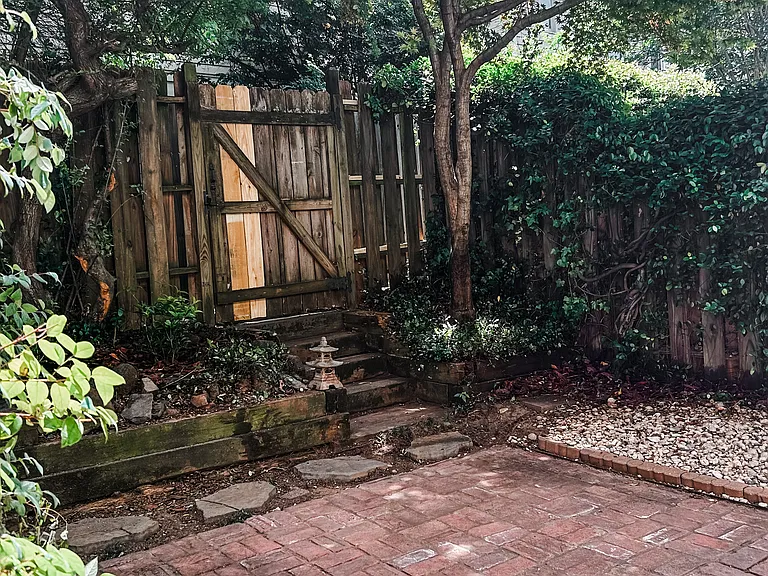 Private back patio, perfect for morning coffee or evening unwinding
---
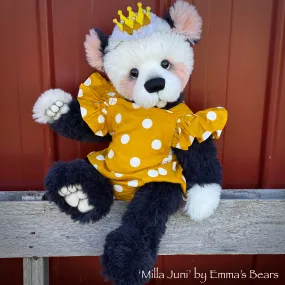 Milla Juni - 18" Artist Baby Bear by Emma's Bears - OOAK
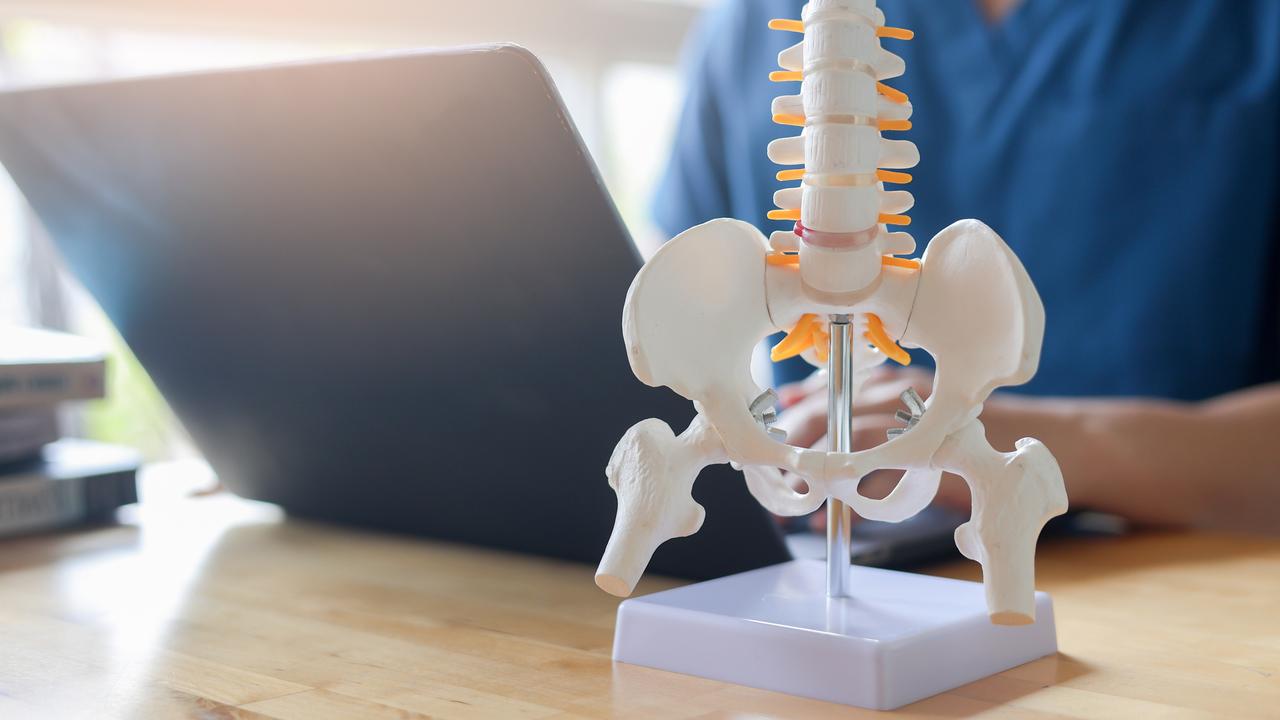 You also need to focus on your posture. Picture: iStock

WORK TO COMPLETE:
Among the records above, locate the line containing "Bears - OOAK" and the line containing "You also need", then transcribe exactly the lines starting at the first and ending at the second, with no pictures.

EXERCISE SOLUTION:
 Milla Juni - 18" Artist Baby Bear by Emma's Bears - OOAK
 You also need to focus on your posture. Picture: iStock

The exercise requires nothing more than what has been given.